TASK PROMPT — Restate, exactly as written, the entries below from the line that holds "1091 Northpointe Bluff" through the line that holds "Drone flies up". Pictures are not part of the copy.

DATASET ENTRIES —
*****
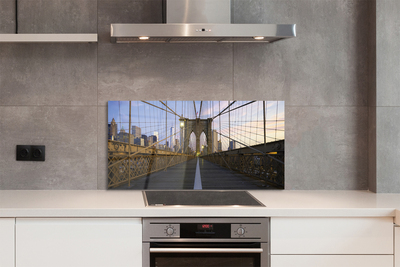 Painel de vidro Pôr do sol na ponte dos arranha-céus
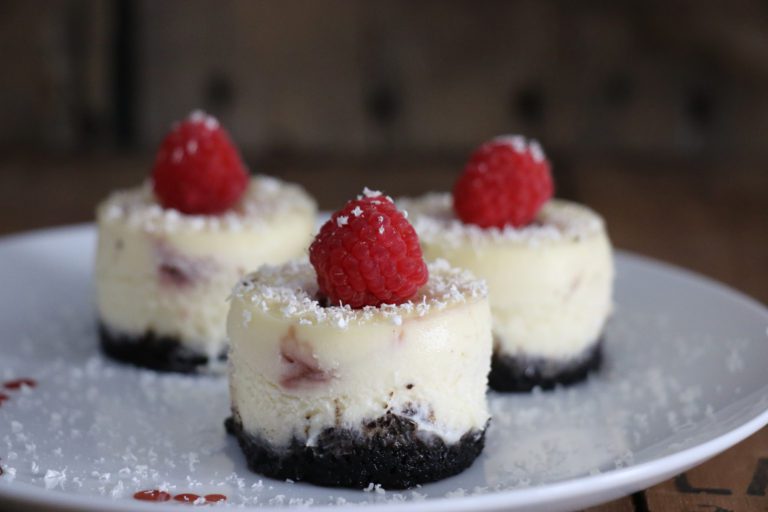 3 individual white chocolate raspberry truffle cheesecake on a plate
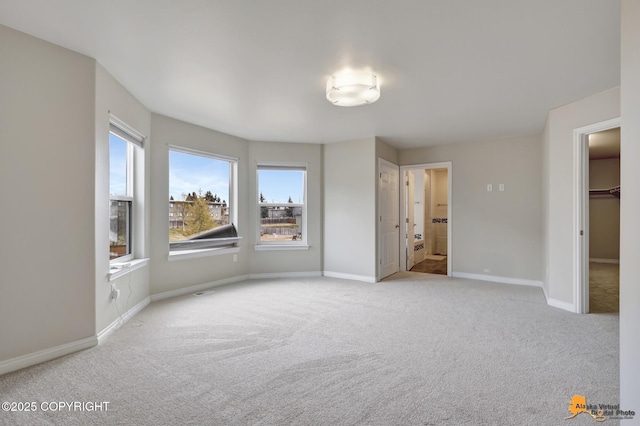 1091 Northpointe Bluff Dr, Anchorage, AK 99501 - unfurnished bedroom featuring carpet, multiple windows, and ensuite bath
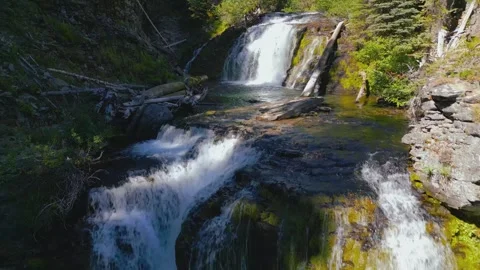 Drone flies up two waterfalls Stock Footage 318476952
*****
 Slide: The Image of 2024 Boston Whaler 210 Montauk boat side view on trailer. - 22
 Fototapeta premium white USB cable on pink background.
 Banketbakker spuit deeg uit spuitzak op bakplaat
*****
WRITTEN SOLUTION —
 1091 Northpointe Bluff Dr, Anchorage, AK 99501 - unfurnished bedroom featuring carpet, multiple windows, and ensuite bath
 Drone flies up two waterfalls Stock Footage 318476952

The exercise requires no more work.